Cleaning business insurance premiums can range between $350-$800 per year which is roughly $30-$70 per month. The insurance company takes into account numerous risk factors the cleaning business could face and charges a rate accordingly. Higher risk cleaning companies pay higher premiums in anticipation of the likely need for the insurance company to pay a claim.

Janitorial surety bond premiums typically range from $125 to $650 per year, based on the desired bond amount. That comes out to be around $10-$55 per month for a promised loan amount of $10,000-$100,000 respectively. Unlike cleaning business insurance, the price of the surety bond premium is relative to the number of employees the business utilizes.

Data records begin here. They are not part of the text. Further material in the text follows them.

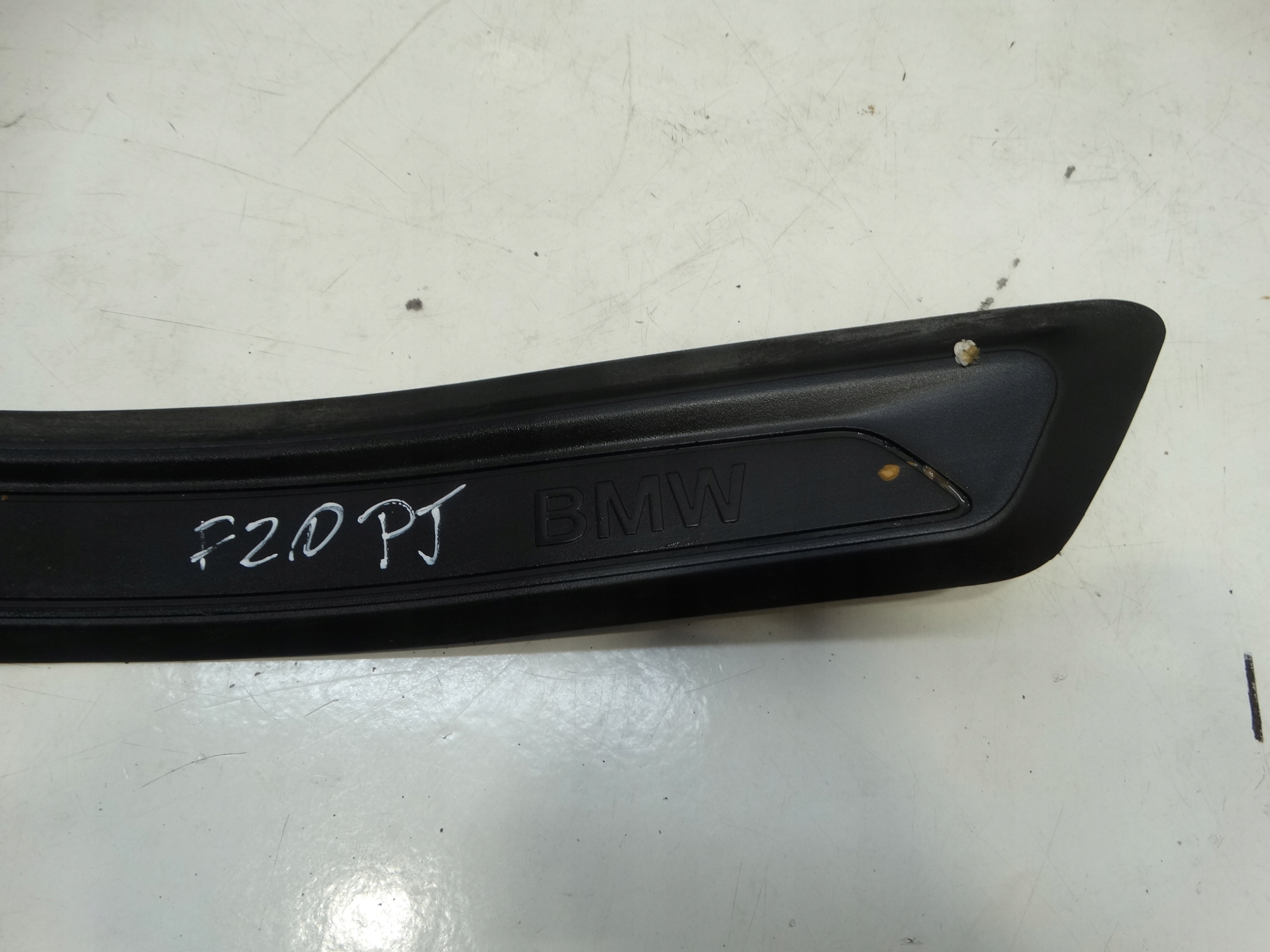 moulding threshold right rear part BMW 1 F20 5147-7263312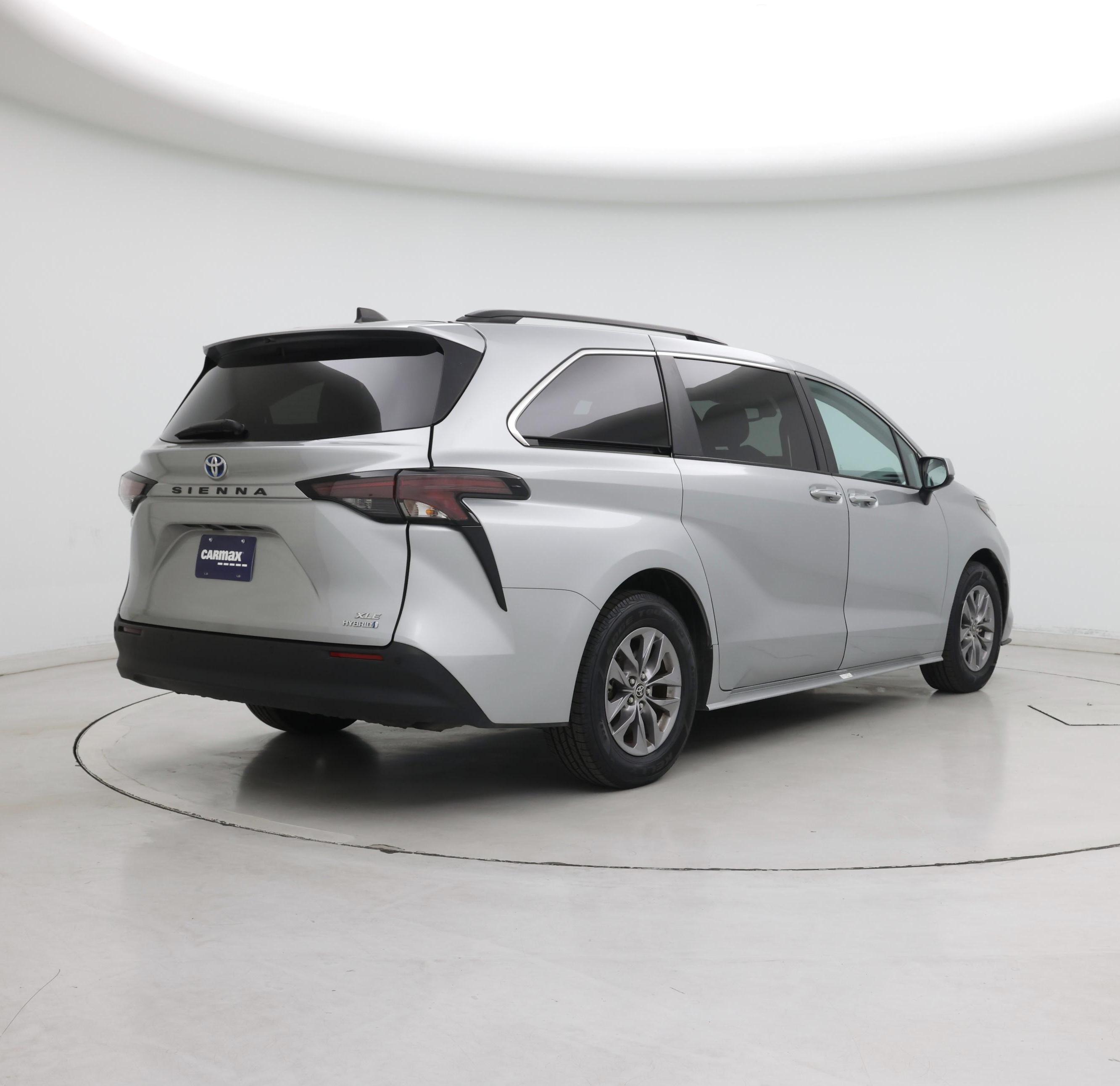 Thumbnail: 2023 Toyota Sienna - 8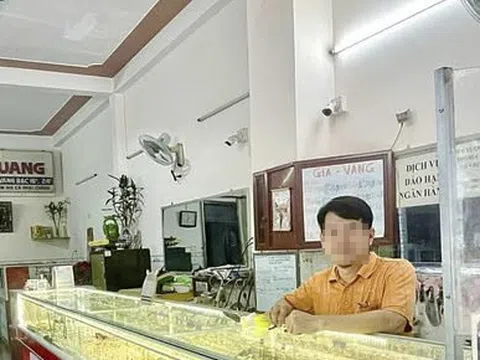 Người phụ nữ suýt ‘sập bẫy’ lừa đảo vì tin gói quà 800 triệu USD từ nước ngoài chuyển về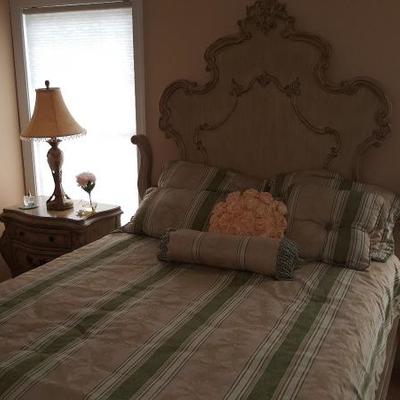 queen bedroom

Frequently Asked Questions

What other types of insurance does a cleaning business need to consider?

There are 4 additional types of insurance to consider:

Business Owners Insurance

Covers a business from claims caused by fire, theft, or other disasters. Additional policies may be needed for things such as floods and hurricanes.

Worker’s Compensation Insurance

Often referred to as workman’s comp, this pays benefits to an employee if they were injured or became ill in a work-related incident.

Commercial Auto Insurance

Helps foot the bills resulting from an automobile accident while driving a company vehicle.

Commercial Umbrella Insurance

Provides extra liability coverage in the event that a claim exceeds the limit of the business’s general liability policy.

How do you determine how much of a bond your cleaning business should get?

The primary factor that attributes to how much of a bond a cleaning business should acquire is the type of venues the business will be cleaning. Banks, museums, and high-end companies will expect the highest bond available to protect their assets from potential thieves. Maid services that work in people’s homes are not expected to have as high of a bond, unless the houses being cleaned are worth millions of dollars.

To learn more on how to start your own cleaning business, check out my startup documents here.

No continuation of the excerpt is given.